The Flagstaff Tower is interesting from the fact that it was here the residents from the cantonment of Delhi assembled to make a stand, on hearing that the rebels from Meerut were murdering the British officers on duty within the city, that the three Native regiments and battery of Field Artillery had joined the mutineers, and that at any moment they themselves might expect to be attacked. The tower was 150 feet high, with a low parapet running round the top, approached by a narrow winding staircase. Here the men of the party proposed to await the attack. The ladies, who behaved with the utmost coolness and presence of mind, were, with the wives and children of the few European non-commissioned officers, placed for their greater safety on the stairs, where they were all but suffocated by the stifling heat in such a confined space. The little party on the roof consisted of some twenty British officers, the same number of half-caste buglers and drummers, and half a dozen European soldiers. Not a drop of water, not a particle of food, was to be had. No help appeared to be coming from Meerut, in the direction of which place many a longing and expectant glance had been cast during the anxious hours of that miserable 11th May. Constant and heavy firing was heard from the city and suburbs, and the Cavalry were reported to be advancing on the cantonment.
Before evening the weary watchers realized that their position was untenable, and that their only possible chance of escaping the fate which had befallen the officers within the city (whose dead bodies had been inhumanly sent in a cart to the Tower) lay in flight. Shortly before dark the move was made, the women and children were crowded into the few vehicles available, and accompanied by the men, some on foot and some on horseback, they got away by the road leading towards Umballa. They were only just in time, for before the last of the party were out of sight of the cantonment, crowds of Natives poured into it, burning, plundering, and destroying everything they could find.

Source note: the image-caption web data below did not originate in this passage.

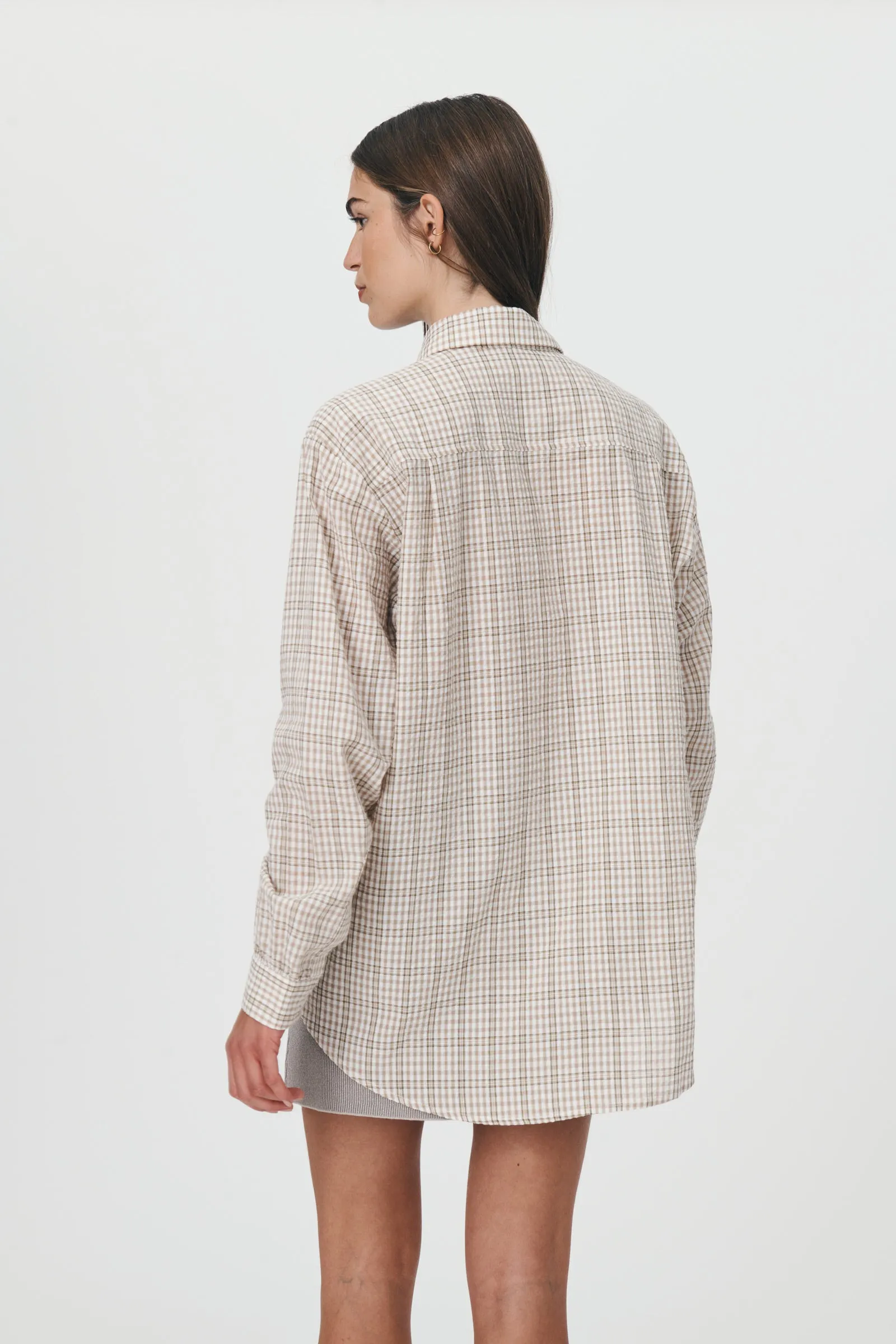 Mason Long Sleeve Shirt sold by Rowie the Label product image thumbnail 5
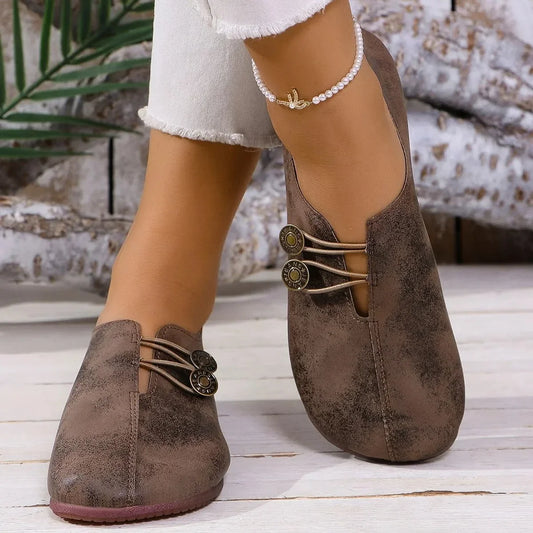 Greta™ – Chaussures Souples et Confort Flex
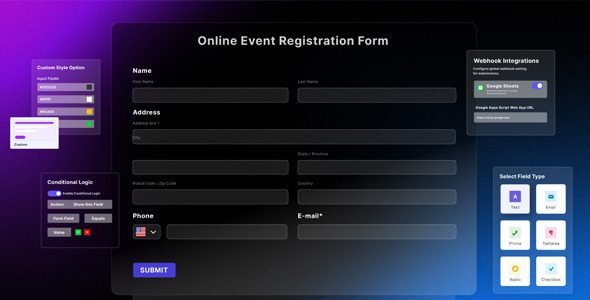 Download Free Sigma Forms Pro 1.4.5 - AI Form Builder For WordPress Sigma Forms Pro 1.4.5 - AI Form Builder For WordPress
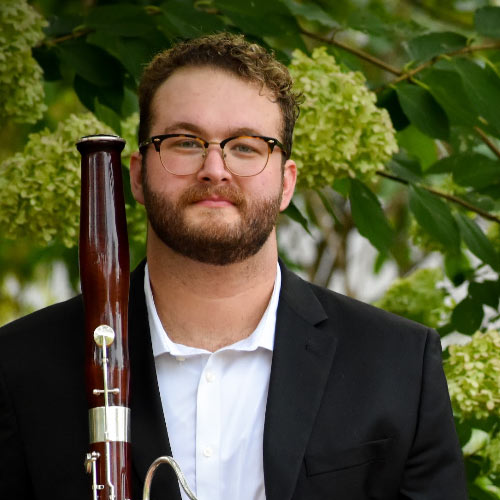 Zane-Ballenger-oboe-English-horn-500 Zane Ballenger, oboe, English horn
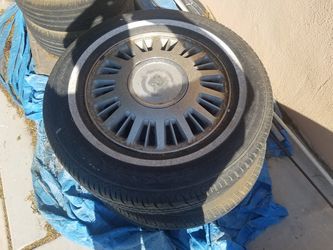 Cadillac tires and Wheels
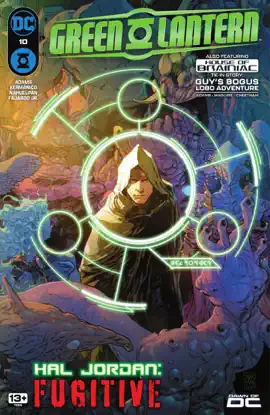 Read: Green Lantern Book (2023-) #10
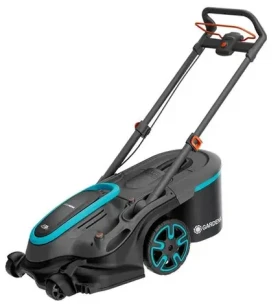 Gardena 14646-55 Aku Sekačka PowerMax Duo 46/36 V P4A / záběr 46 cm / objem koše 50 l / sečení do 600 m2 (14646-55)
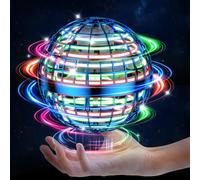 Uladis Flying Orb Ball Toys - Mini dron volador con control manual, globo c smico, juguete giratorio para ni os y adultos, ideal como regalo de c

Amongst the fugitives from Delhi was Captain Tytler, of the 38th Native Infantry, who, after a variety of vicissitudes, reached Umballa safely with his wife and children. When Anson’s force was being formed for the advance on Delhi, Tytler was placed in charge of the military treasure chest, and through some unaccountable negligence Mrs. Tytler was allowed to accompany him. I believe that, when Mrs. Tytler’s presence became known to the authorities, she would have been sent out of camp to some safe place, but at that time she was not in a fit state to travel, and on the 21st June, a few days after the force took up its position under a heavy cannonade, she gave birth to a son in the waggon in which she was accommodated. The infant, who was christened Stanley Delhi Force, seems to have been looked upon by the soldiery with quite a superstitious feeling, for the father tells us that soon after its birth he overheard a soldier say; ’Now we shall get our reinforcements; this camp was formed to avenge the blood of innocents, and the first reinforcement sent to us is a new-born infant.’ Reinforcements did actually arrive the next day.